As it turns out, Solana is one of the fastest blockchains in the space at present. With the capacity of processing over 50,000 tps, users can enjoy faster transaction settlements without having huge gas fees.
What is Bonfida?
Bonfida is a decentralized and non-custodial exchange on top of the Serum trading protocol on the Solana blockchain. It has a wide array of trading products powered by Solana’s on-chain order book. They facilitate faster transactions speed without the expensive gas fees experienced by users on other networks.
Bonfida DEX layout
Bonfida can be a useful trading platform for both beginner and advanced users. It integrates various handy features, such as trading charts and TradingView data in its interface. This helps users gather important analytics information on the exchange’s activity, including data on Serum DEX and Swap’s volumes, spread percentage, and total value locked.
$SRM dashboard on Bonfida Dex
Background
Bonfida is Project Serum’s flagship interface; currently, over 60% of the users that interact with Serum use Bonfida’s GUI. Serum was built to connect users within the Serum/Solana ecosystem and it is the first amongst exchanges to take advantage of Solana blockchain’s data to power its decentralized platform.
The Bonfida API has been used by a lot of market makers in the industry and the number of requests are increasing 25% week over week. During December 2020, before the launch, Bonfida has raised over $4.5 million. The seed round was led by CMS Holdings with the participation of big firms like Genesis Block Ventures, Sino Global, Spartan Group, and Three Arrows Capital.
Why build on Serum?
An order-book DEX has to be fast. To have a responsive platform, the underlying blockchain has to meet certain requirements. There are the reasons why the Bonfida team has chosen Solana and its DEX Serum as a foundation for their project.
High transaction throughput – Solana has the ability to facilitate more than 50,000 transactions per second.
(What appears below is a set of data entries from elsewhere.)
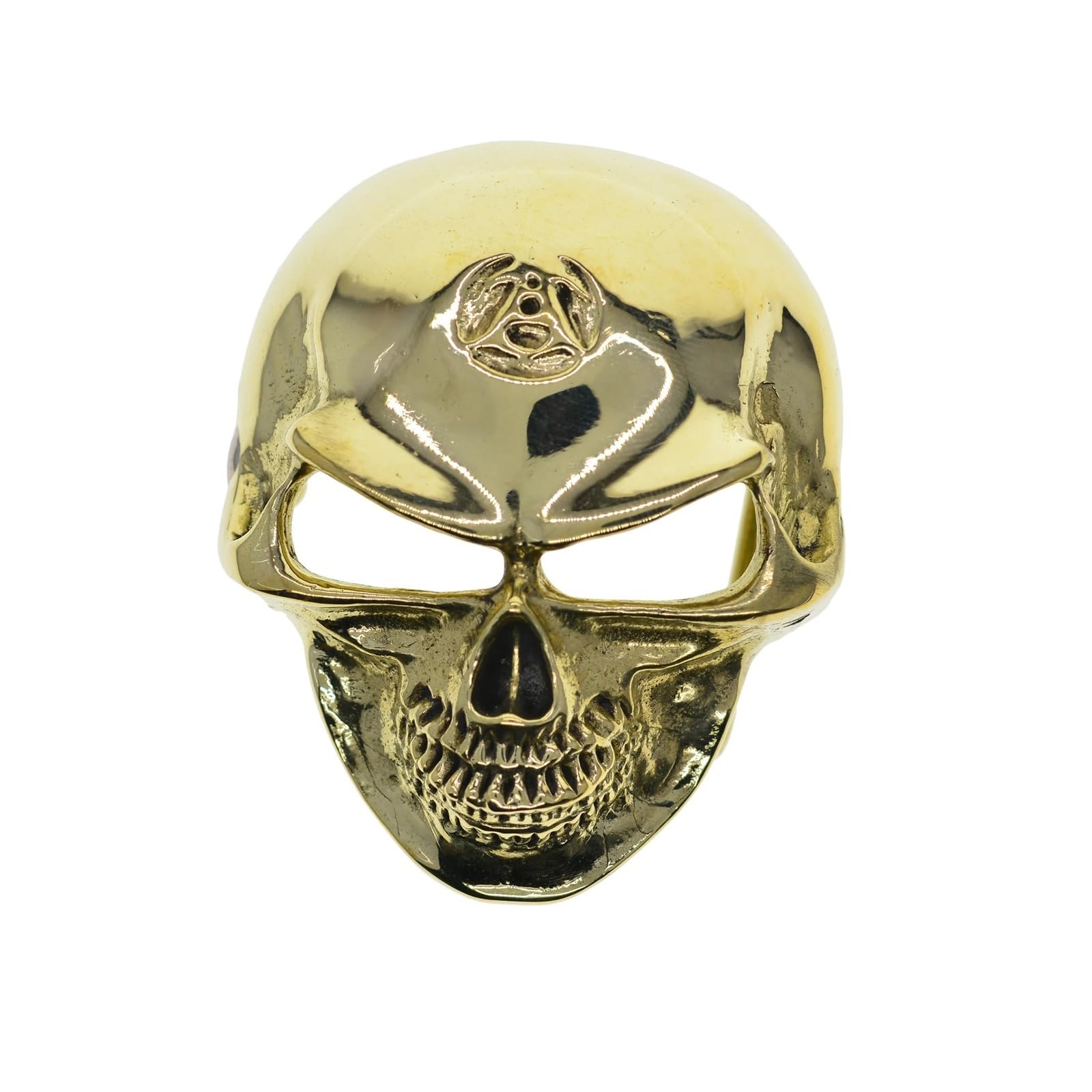 Hebillas Cinturon Hebilla de cinturón latón macizo vintage con diseño calavera 3D pulida a espejo 1,5 pulgadas para Reemplazo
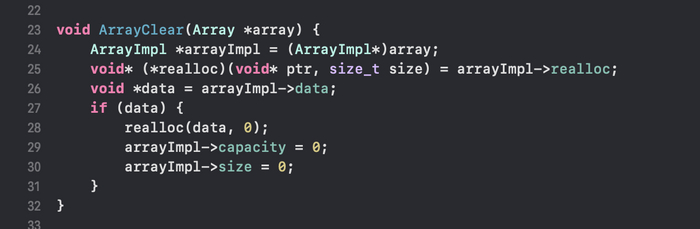 Исходный код функции ArrayClear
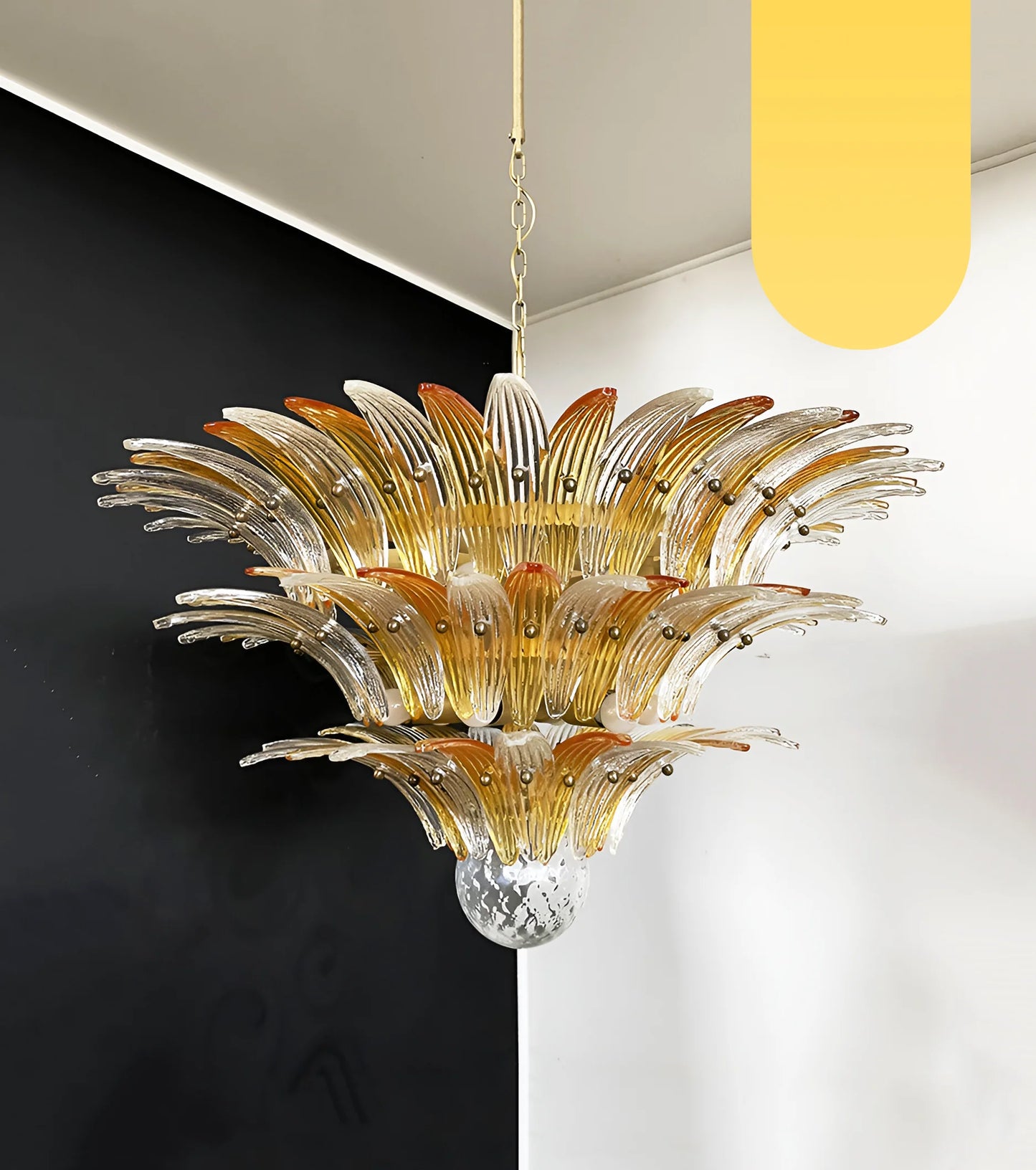 Hermosa Lámpara de Araña Transparente Ámbar Murano Palmette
This will increase further as the chain grows
Lower gas costs – Gas costs on averages less than $0.001 per transaction
Composability – Given that the Serum protocol is open-source, anyone in the community can work on developments that could add value to the ecosystem
Decentralization – Transactions and storage of crypto holdings are entirely free from any third-party control
Users will have to set-up a compatible wallet to connect to the platform, which requires SPL (Solana Program Library) tokens. The three options are bonfida.com/wallet, solongwallet.com, sollet.io. Don’t forget to keep some spare $SOL tokens to pay for fees! You can follow this complete guide to set everything up.
Here you can find our interview with Sam Bankman-Fried, founder and CEO of FTX, which is behind the development of Project Serum.
Interview eith Sam Bankman-Fried, founder and CEO at FTX, the team behind Serum Project
The FIDA Token
$FIDA is Bonfida’s native utility token. It is mainly used to pay for gas fees on the platform but it can also be used for the following purposes.
Access to VIP API
Bot payments
Consulting services (for people who want to get started on Serum)
The maximum supply is 1 billion and 95.4% of all tokens are locked for four years; the vesting will start 12 months after the launch. The team decided to keep the circulatin supply very low during the first year. In this way they also hope that the project and the community will grow in a healthy way, with no big holders ready to dump their bags.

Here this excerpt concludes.